Open-source NLP tools
Lexical Computing has a long-standing cooperation with the Natural Language Processing Centre at the Faculty of Informatics, Masaryk University, Brno, Czech Republic. Together, we developed a number of open-source NLP tools which are available for download. They have also been integrated with the Sketch Engine corpus query and management system and they are automatically applied on data within Sketch Engine so that even users without the necessary technical knowledge can benefit from them.

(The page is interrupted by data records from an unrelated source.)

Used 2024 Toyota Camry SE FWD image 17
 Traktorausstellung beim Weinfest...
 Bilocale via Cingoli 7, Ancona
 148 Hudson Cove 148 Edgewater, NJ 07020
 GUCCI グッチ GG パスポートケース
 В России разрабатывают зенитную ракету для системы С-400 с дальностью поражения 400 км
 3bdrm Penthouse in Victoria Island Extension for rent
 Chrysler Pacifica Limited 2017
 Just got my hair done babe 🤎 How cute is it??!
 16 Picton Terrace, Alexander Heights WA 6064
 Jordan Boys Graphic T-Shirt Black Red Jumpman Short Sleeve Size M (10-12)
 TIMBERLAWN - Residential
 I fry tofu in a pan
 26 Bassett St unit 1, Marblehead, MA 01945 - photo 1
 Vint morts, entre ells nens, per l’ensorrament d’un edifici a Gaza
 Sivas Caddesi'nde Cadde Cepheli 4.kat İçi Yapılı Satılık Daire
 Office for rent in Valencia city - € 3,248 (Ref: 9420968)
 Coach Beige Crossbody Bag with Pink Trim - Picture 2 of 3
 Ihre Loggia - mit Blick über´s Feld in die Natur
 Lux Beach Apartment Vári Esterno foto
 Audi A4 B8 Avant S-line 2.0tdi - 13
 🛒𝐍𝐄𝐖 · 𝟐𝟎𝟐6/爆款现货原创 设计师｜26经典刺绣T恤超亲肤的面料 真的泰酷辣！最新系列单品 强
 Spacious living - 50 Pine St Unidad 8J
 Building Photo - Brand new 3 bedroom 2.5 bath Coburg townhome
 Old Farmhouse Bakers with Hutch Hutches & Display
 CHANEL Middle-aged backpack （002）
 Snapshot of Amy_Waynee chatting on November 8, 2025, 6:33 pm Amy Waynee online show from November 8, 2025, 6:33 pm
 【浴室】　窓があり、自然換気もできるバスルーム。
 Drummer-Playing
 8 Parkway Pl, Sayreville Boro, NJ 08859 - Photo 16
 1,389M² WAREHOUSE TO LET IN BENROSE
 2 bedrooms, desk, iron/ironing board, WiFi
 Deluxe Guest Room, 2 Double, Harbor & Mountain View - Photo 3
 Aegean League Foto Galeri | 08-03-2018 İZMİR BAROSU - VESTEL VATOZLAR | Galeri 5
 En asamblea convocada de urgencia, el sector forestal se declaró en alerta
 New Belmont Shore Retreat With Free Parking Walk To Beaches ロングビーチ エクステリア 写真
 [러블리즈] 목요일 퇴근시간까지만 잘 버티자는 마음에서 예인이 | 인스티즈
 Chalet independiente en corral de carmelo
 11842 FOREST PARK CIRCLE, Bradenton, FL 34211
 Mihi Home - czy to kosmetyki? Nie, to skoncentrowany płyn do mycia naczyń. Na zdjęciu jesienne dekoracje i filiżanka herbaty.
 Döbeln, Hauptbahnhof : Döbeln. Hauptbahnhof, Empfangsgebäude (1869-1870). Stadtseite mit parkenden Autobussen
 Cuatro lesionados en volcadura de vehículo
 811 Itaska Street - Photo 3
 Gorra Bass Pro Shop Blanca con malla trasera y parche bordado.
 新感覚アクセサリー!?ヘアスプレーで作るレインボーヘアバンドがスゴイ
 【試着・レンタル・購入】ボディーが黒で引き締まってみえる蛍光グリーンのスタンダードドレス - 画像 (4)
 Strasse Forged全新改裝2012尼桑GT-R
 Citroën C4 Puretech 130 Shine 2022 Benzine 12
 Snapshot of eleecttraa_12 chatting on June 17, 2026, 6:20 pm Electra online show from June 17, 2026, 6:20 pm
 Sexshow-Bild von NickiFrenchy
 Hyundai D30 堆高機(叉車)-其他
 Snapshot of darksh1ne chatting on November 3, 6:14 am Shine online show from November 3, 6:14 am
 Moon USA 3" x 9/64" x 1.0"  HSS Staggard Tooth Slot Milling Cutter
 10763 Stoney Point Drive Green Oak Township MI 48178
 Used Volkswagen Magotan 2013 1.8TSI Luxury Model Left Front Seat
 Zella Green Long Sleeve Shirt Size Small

NLP tools for non-technical users
We integrated all the necessary NLP tools into our flagship product, Sketch Engine. Users can build and analyse large amounts of text without any technical knowledge and without installing and setting up any tools.
JusText
boilerplate removal
JusText is a HTML boilerplate removal tool producing clean text by striping navigation links, headers, footers, etc. from HTML pages and leaving only the main text containing complete sentences.
Chared
encoding detection
Chared is a tool for detecting the character encoding of a text in a known language. It contains models for a wide range of languages.
Spiderling
web spider for linguistics
Spiderling is a web spider designed for linguistics applications which can crawl text-rich parts of the web and collect data that are suitable for inclusion into text corpora. It is a key tool for our corpus building projects.
Onion
text deduplicator
Onion (ONe Instance ONly) is designed for deduplication large text collections (corpora) by measuring the similarity of paragraphs or whole documents. The duplicate texts are removed based on the threshold set by the user.
Unitok
text tokenizer
Unitok is a universal text tokeniser with specific settings for many languages. It can turn plain text into a sequence of newline-separated tokens (vertical format), while preserving metadata in XML-like tags.
wiki2corpus
wikipedia download
wiki2corpus is a script which downloads Wikipedia articles (for a given language) and outputs them in the form of prevertical which can be further processed by other corpus tools.
NoSketch Engine
corpus query system
NoSketch Engine is an open-source corpus query system based on Sketch Engine. NoSketch Engine does not feature any of the automated corpus building tools integrated in Sketch Engine.